WHAT THE EXERCISE ASKS:
Pictures excluded, output exactly the lines from the one containing "EB Garamond 08 Italic Schriftart Groß" through the last line of the listing below.
════════
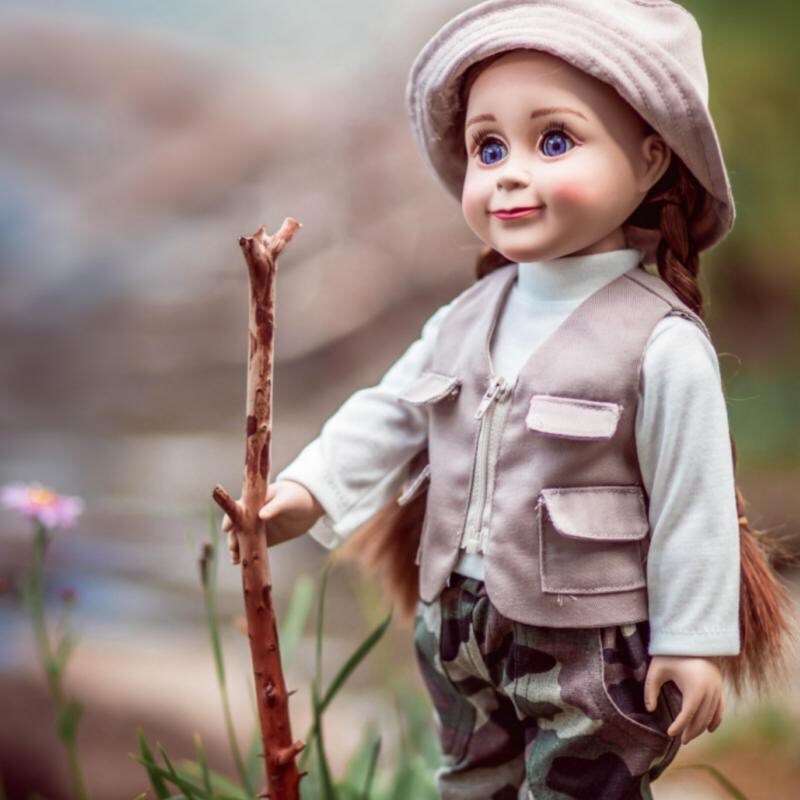 Clothes Fits 18 American Girl Boy Doll Shirt Pants Vest Outfit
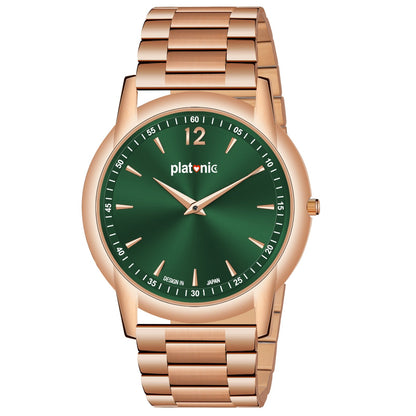 Platonic India's First Slimmest Timepiece Green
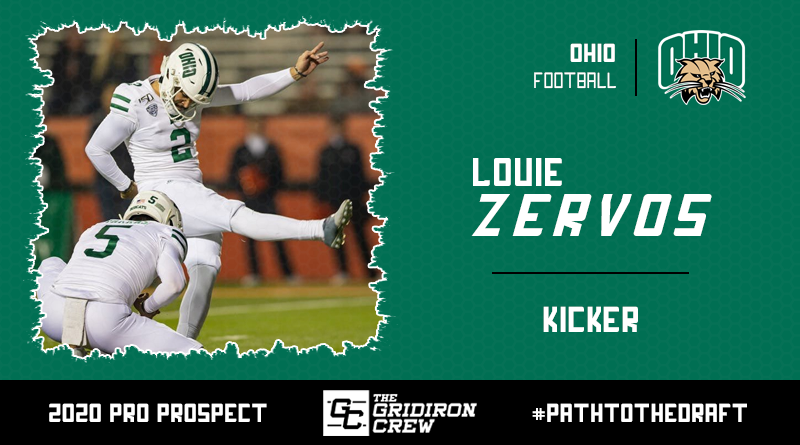 Scouts, Coaches, and GMs, here are all the reasons why you should focus your attention on 2020 Pro Prospect, Louie Zervos (<a href="/LouieZervos/">Louie Zervos</a>), a K from <a href="/OhioFootball/">Ohio Football</a>!

#2020ProProspect #PathToTheDraft #NFLDraft #CFLDraft

👀 Read our Interview: thegridironcrew.com/louie-zervos-2…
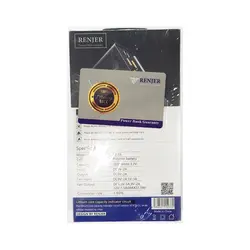 پاوربانک اصلی رنجر فست شارژ Renjer powerbank RJ-33 ظرفیت 30000 میلی آمپر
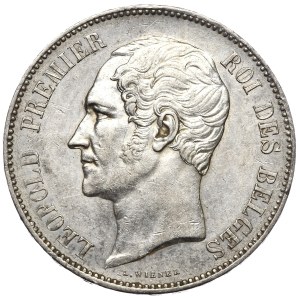 Belgium, 5 Francs, 1849
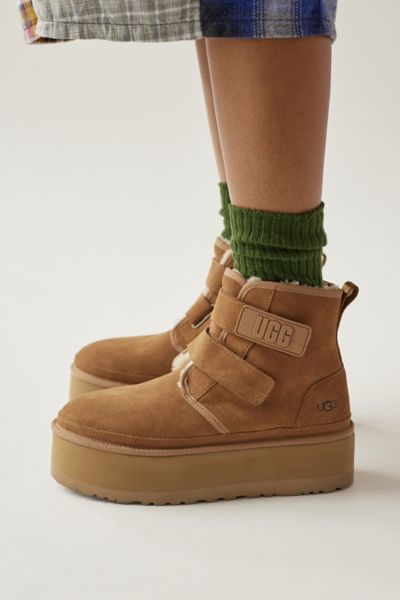 UGG Classic Chillapeak Tall Suede Fur Platform Boots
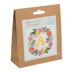Trimits Floral Wreath Monogram Cross Stitch Kit - 13 x 13cm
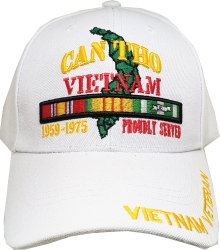 View Product Detials For The Can Tho Vietnam Veteran Proudly Served Mens Cap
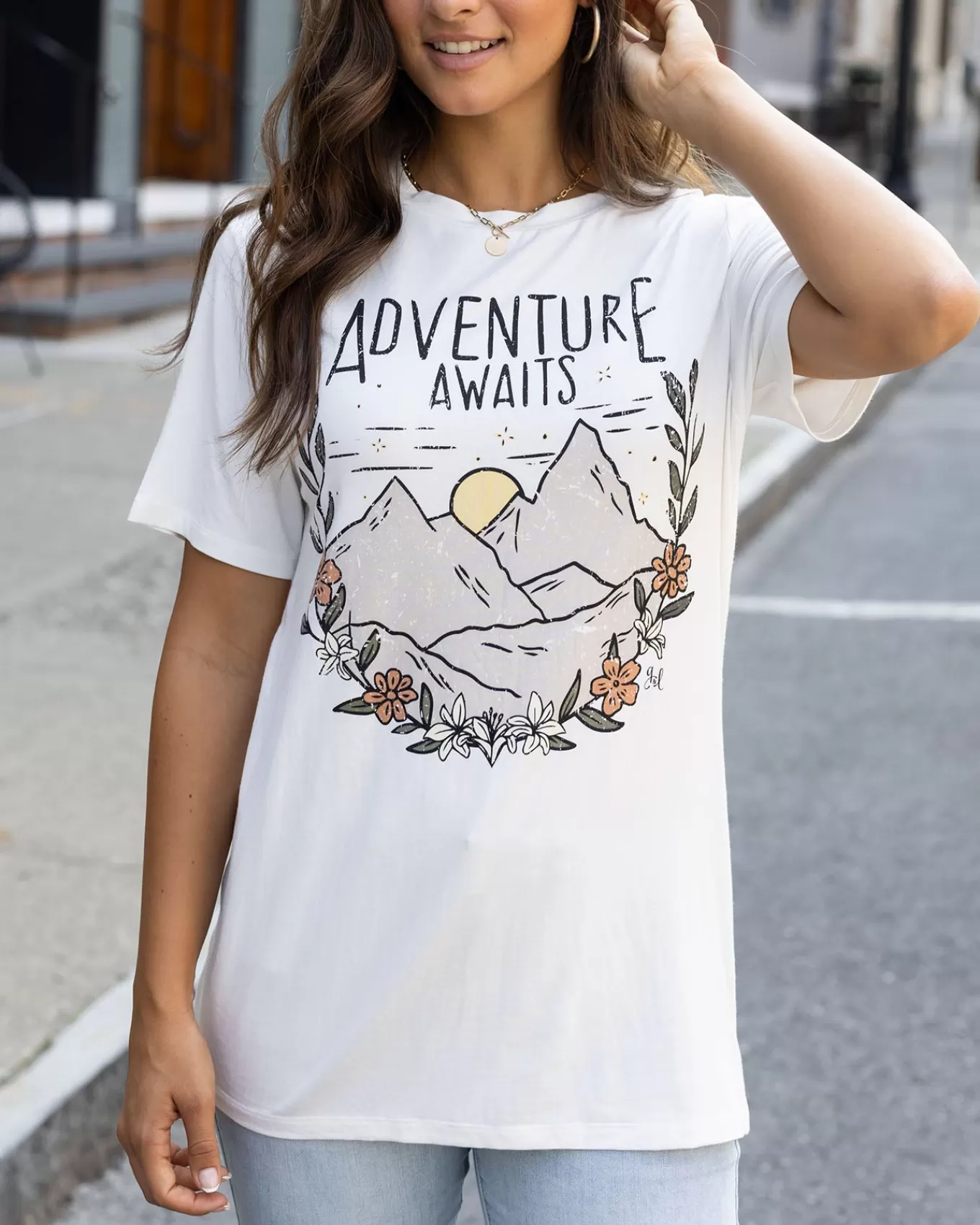 Outlet Girlfriend Fit Graphic Tee - - FINAL SALE Graphic Tees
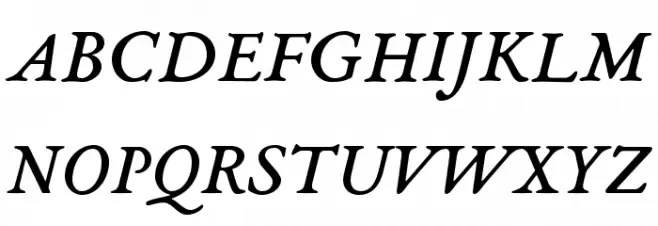 EB Garamond 08 Italic Schriftart Groß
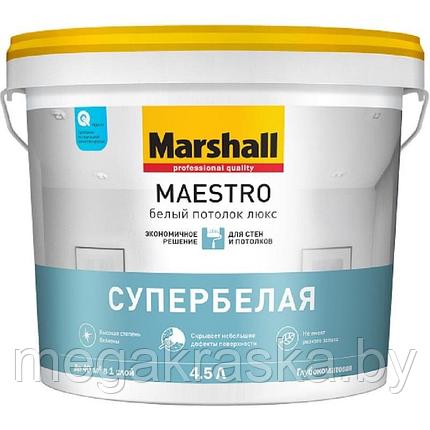 Краска «marshall maestro» белый потолок люкс 4,5л., фото 2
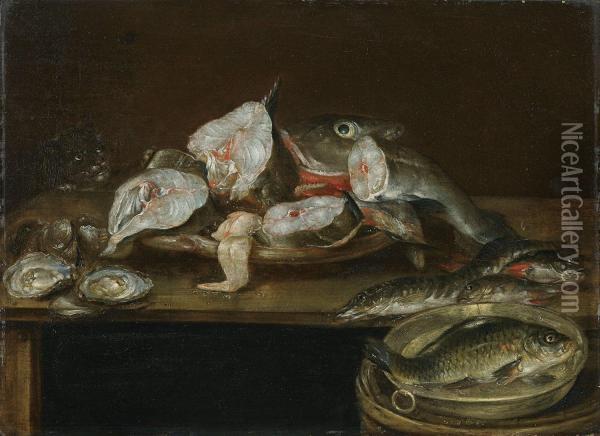 Fischstillleben Oil Painting - Alexander Adriaenssen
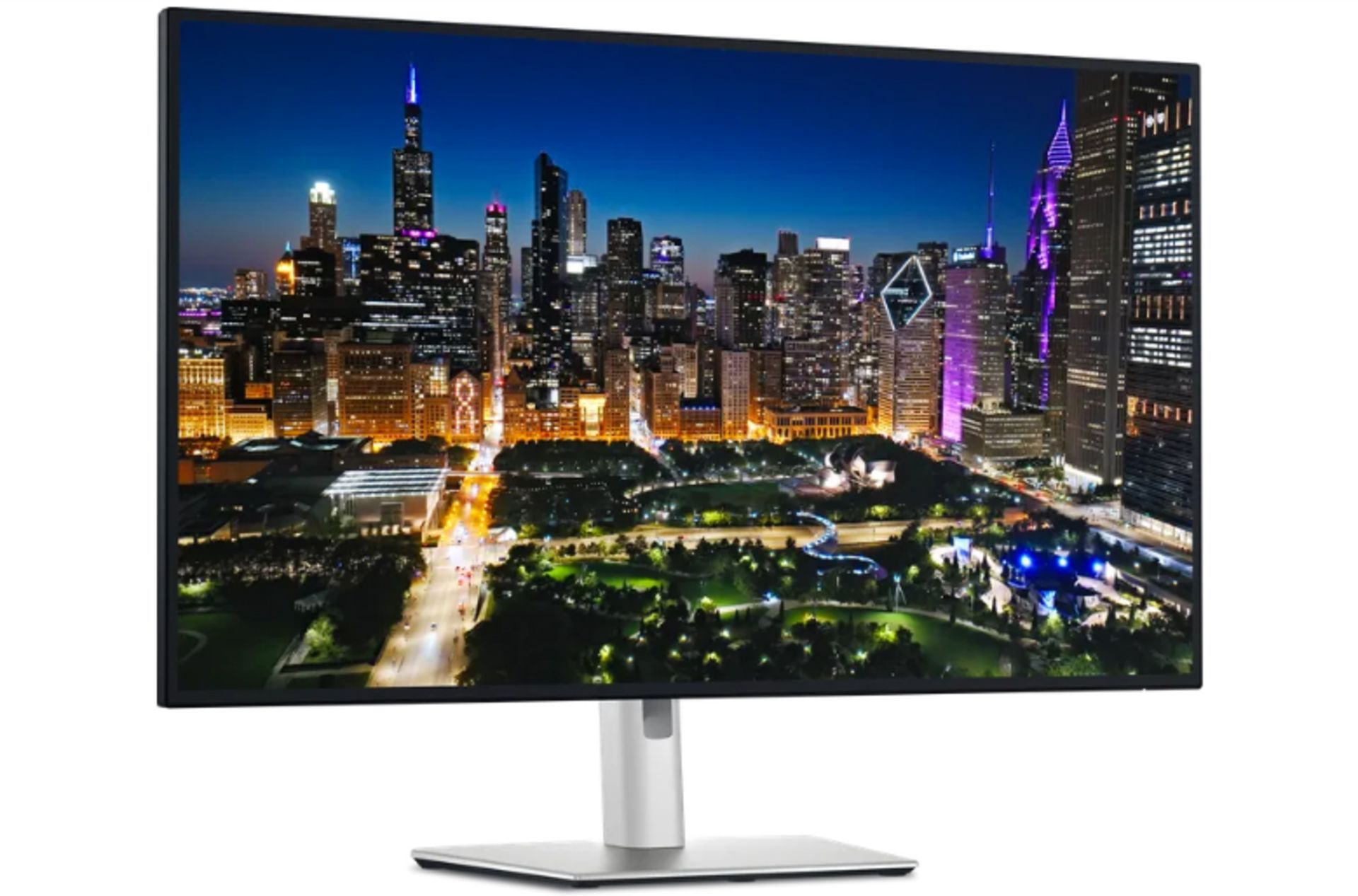 مانیتوری ۳۲ اینچی Ultrasharp 4k دل از نمای جلو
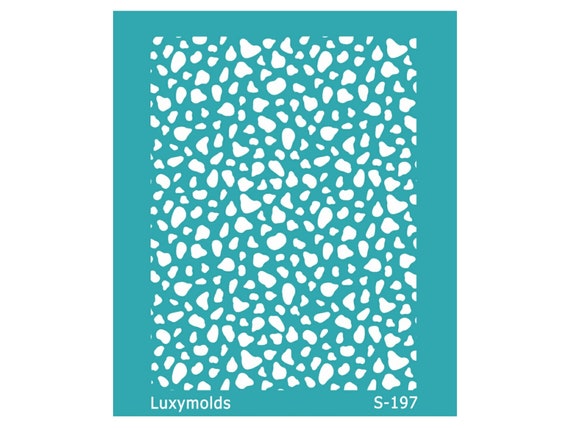 Silk screen stencil for polymer clay "Luxymolds" S-197
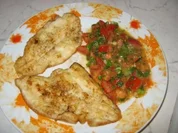 Schollenfilets mit Tomatenzwiebeln - Rezept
════════
OUTPUT OF THE EXERCISE:
 EB Garamond 08 Italic Schriftart Groß
 Краска «marshall maestro» белый потолок люкс 4,5л., фото 2
 Fischstillleben Oil Painting - Alexander Adriaenssen
 مانیتوری ۳۲ اینچی Ultrasharp 4k دل از نمای جلو
 Silk screen stencil for polymer clay "Luxymolds" S-197
 Schollenfilets mit Tomatenzwiebeln - Rezept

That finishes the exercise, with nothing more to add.